[[ Records to use open ]]

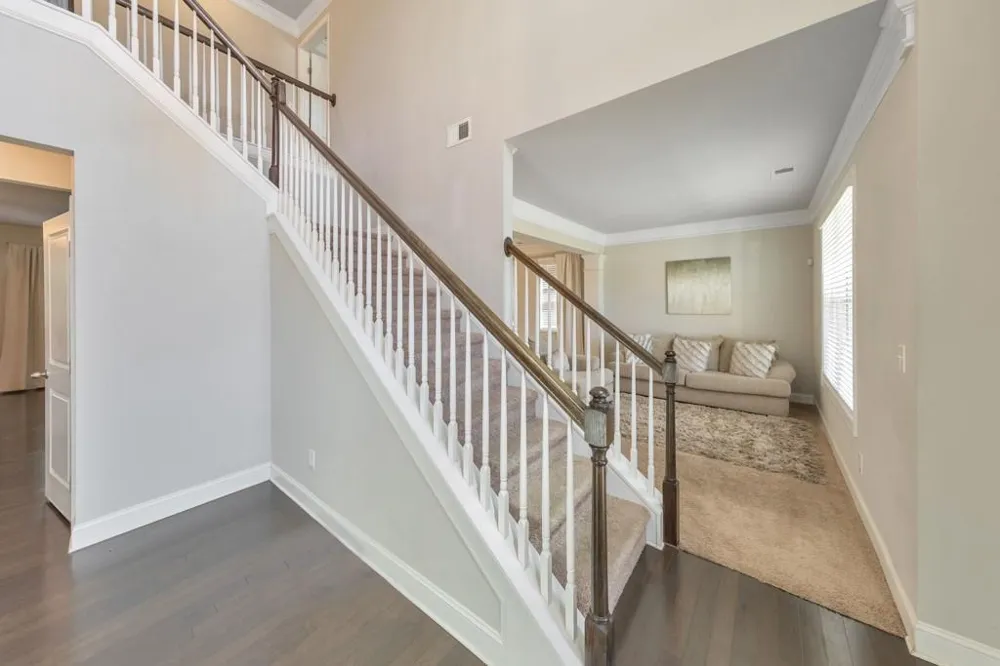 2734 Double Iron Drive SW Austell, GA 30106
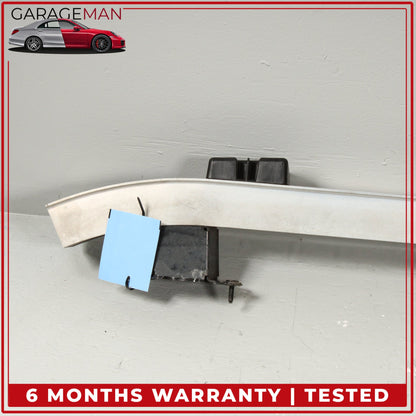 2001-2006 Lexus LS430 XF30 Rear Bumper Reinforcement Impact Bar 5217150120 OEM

[[ Records to use closed ]]
[[ Records to use open ]]

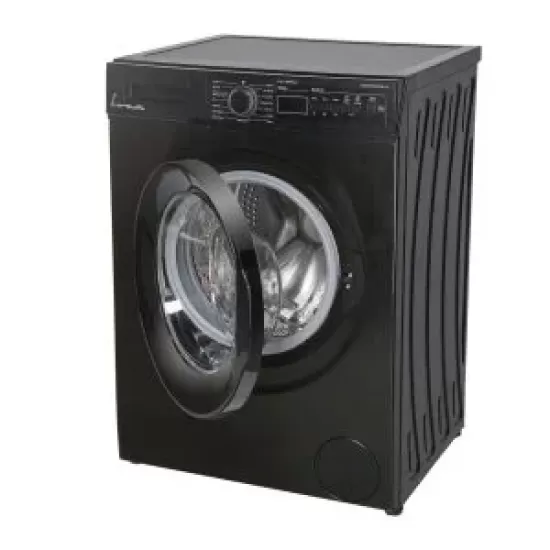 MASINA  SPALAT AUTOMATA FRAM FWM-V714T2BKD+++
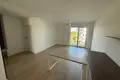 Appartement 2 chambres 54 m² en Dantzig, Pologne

[[ Records to use closed ]]

■ What is being asked ■
Reproduce the lines above starting at the one with "2734 Double Iron Drive SW Austell, GA 30106" and ending at the one with "2001-2006 Lexus LS430", both included, exactly and with no pictures.

■ Result below ■
 2734 Double Iron Drive SW Austell, GA 30106
 2001-2006 Lexus LS430 XF30 Rear Bumper Reinforcement Impact Bar 5217150120 OEM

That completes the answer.